The TEFL Centre Malaga 120 hour teacher training course content 2 General characteristics of the English LanguageThe TEFL Centre Malaga 120 hour teacher training
course content 2: General characteristics of the English Language.
In this article we continue to note relevant TEFL aspects of the distinguishing characteristics of the English language which will be of relevance to a TEFL trainee on our TEFL course
a. As languages go, English is considered to be relatively simple to learn. For example, the tense system has fairly straight forward rules and simple conjugation patterns (e.g. all persons in the past simple are the same: I did, you did, he did etc.), the syntax (word order) is fairly consistently reproduced (subject + verb + object + complement: I ate an apple yesterday) and there are no gender agreements to take into account.

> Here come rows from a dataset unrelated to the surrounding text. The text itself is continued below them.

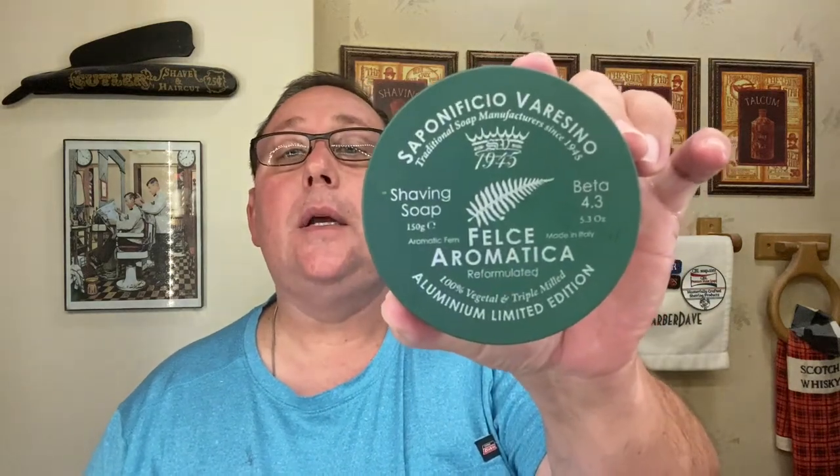A couple years ago, I think it was when the 4.3 version of Felsi Aromatica came out, they came out with these aluminum tins — I think they did this with Dolomiti and a few others. So that's what we're going to be shaving with today: the Beta 4.3 in the aluminum lidded edition tin for Felsi Aromatica. We'll be using an Artisan 2.0 brush from Sepoloficio Veracino in faux ivory, already pre-loaded.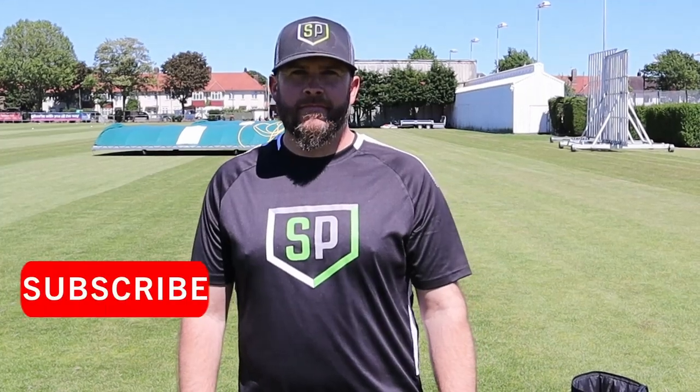Cricket Life Stories with me Neil Kagram. Today we're joined by Will Linton. Will, you're going to show us some ground fielding tips for all.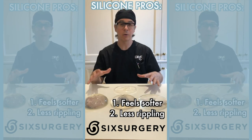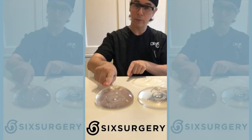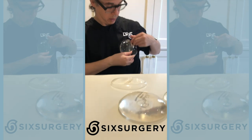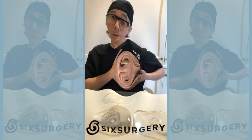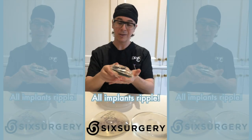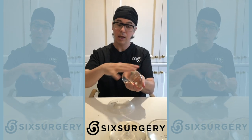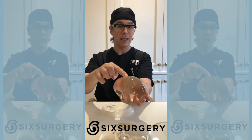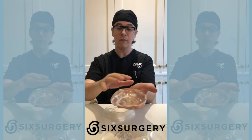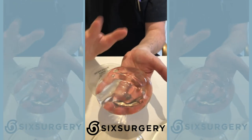People have the misconception that silicone implants have no rippling — there is always rippling. All implants ripple. The reason is that the silicone shell is not fully filled, to keep it nice and soft. If you fill it fully it becomes beautifully smooth but also hard. So implants are slightly under-filled to stay soft, and the price you pay is some rippling, present in all implants.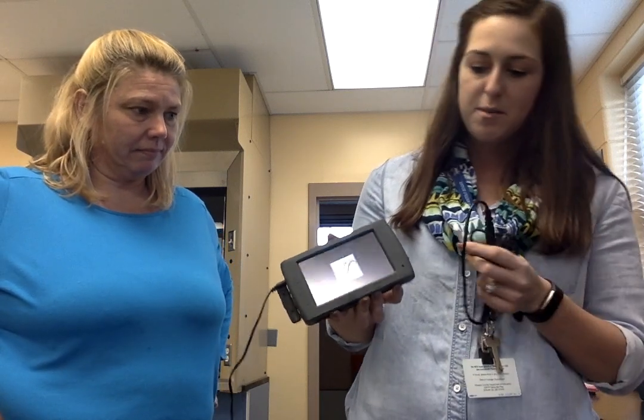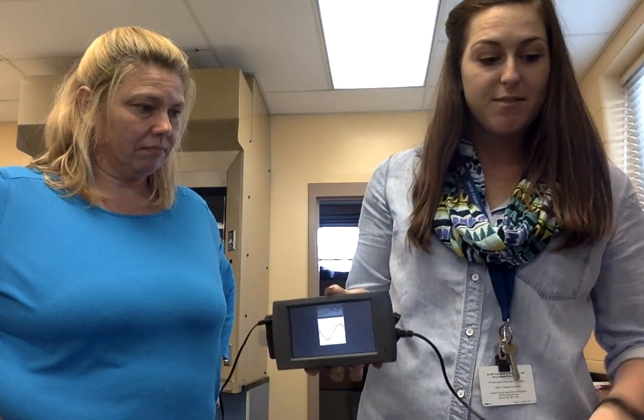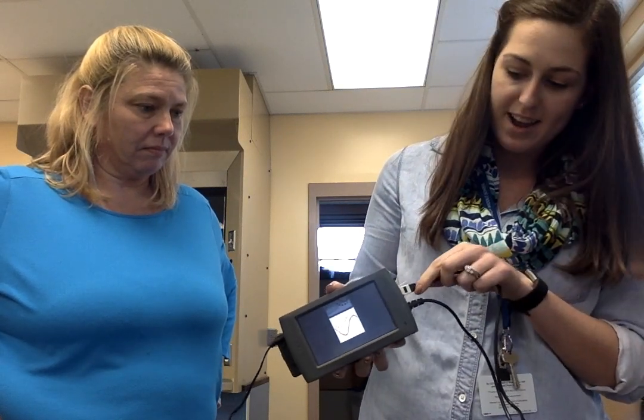When you're ready to start the lab, you'll find two temperature sensors plugged into the side of your Vernier monitor. The sensors will already be plugged in for you when you arrive at your lab bench.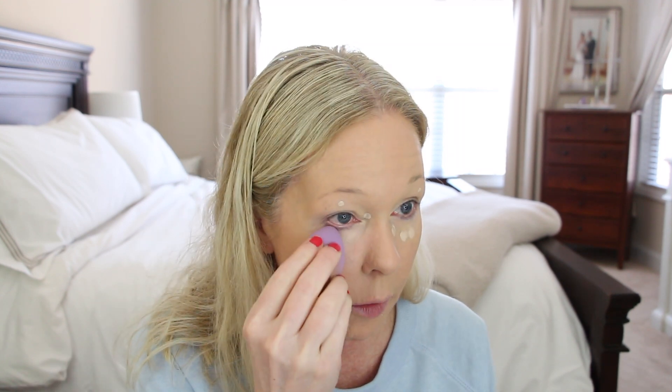Using the point I get right up to the lash line, which is what I do with the original too. I don't have any problem with creasing — I do set it. I just like putting concealer over my eyes more than an eye primer because it acts like an eye primer to me, and that way it evens everything out.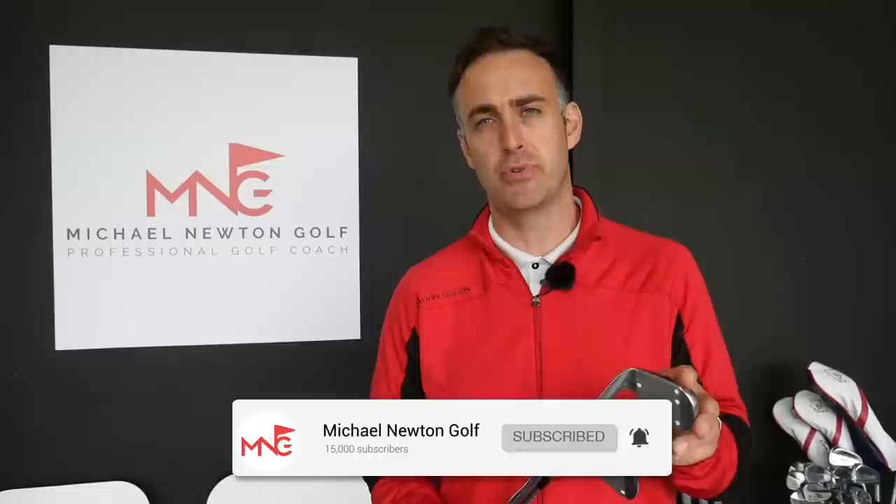Post comments down below — let me know your thoughts on the new MP20 range. I've done reviews on the muscle back and the MMC — links will be there in the playlist. A comparison video of all three models will be coming very soon on my channel. We've got a full custom fit kit down here at Lytham Golf Academy, so email me to organise a fitting. Thanks very much for watching — if you haven't subscribed, hit that subscribe button, ring the bell for notifications, and hook up on social media on Instagram and Twitter. Hopefully we'll catch up very soon.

However, as the level of proficiency increases, English can get pretty quirky! At pre-intermediate levels the student has to start to struggle with phrasal verbs (get on, get on with, get away, get into etc.). These are hard to learn because the same root verb makes it difficult for the student to remember which verb + preposition combination means a specific thing. Future forms deal more with aspects of the future (all the modal forms) rather than neutral references to a future event (‘I will go’ / ‘I am going to go’ / ‘I am going’ all convey different points of view about the future), and the continuous form in English has confusing uses for the learner (e.g. present continuous + always to express annoyance: He is always doing that!). Then we have to the verb + infinitive or verb + -ing, where the student must commit to memory which pattern each verb follows and what it means (e.g. ‘He remembered to go’ vs ‘He remembered going’). These are just a few examples of the complexity other languages don’t pose.
Generally, English is relatively easy to learn at the early stages, but increasingly difficult as the level increases.
b. The alphabet. It is the same as that used in many of the European languages, but simpler, using only 26 basic letters. Also, it doesn’t use ‘diacritics’. These are the add-ons that look like after thoughts to the main letter, but are used to affect the way a word is pronounced. Examples are the two dots above letters in German (the ‘umlaut’ ¨) or the forward sloping accents in Spanish (é). Any words that do have these have been adopted from other languages e.g. naïve. These words are however being increasingly written without the diacritic.
c. English is not as complicated as other languages in its inflection (the letters added to the end of a word to give different grammatical forms). As mentioned above, verb forms are simple, but so are nouns and adjectives. It is true that there are quite a few irregular verb forms, but these tend to be for the most common verbs, are high in frequency (making them easier to learn), and are encountered at an early stage (also aiding learning).
d. English has absorbed/adopted a lot of words from other languages (this is called the receptiveness of a language), largely as a result of the expansive political nature of the British Isles taking its mother language to other parts of the world and exposing it to influence from other native languages. For example, look at the origins of these words:
From French: ballet, café, entrepreneur, genre
From German: delicatessen, waltz, rucksack,
From Yiddish (the Jewish language): glitch, klutz
From Spanish: macho, patio, tapa
From Japanese: origami, tsunami, karaoke
…and many more… chocolate (native American), gung-ho (Chinese), moped (Swedish), paparazzi (Italian), aubergine (Sanskrit), ketchup (Malay), cricket (Dutch)…
Interestingly, ‘itsuarpok’ (Inuit) has not yet been adopted by the English language...
Native TEFL teachers are often unaware of these defining characteristics, but are worth bearing in mind in the TEFL classroom since learners of English will look upon these points as distinguishing features and therefore serve the teacher to know they will present either points of particular interest, difficulty or maybe even simplicity.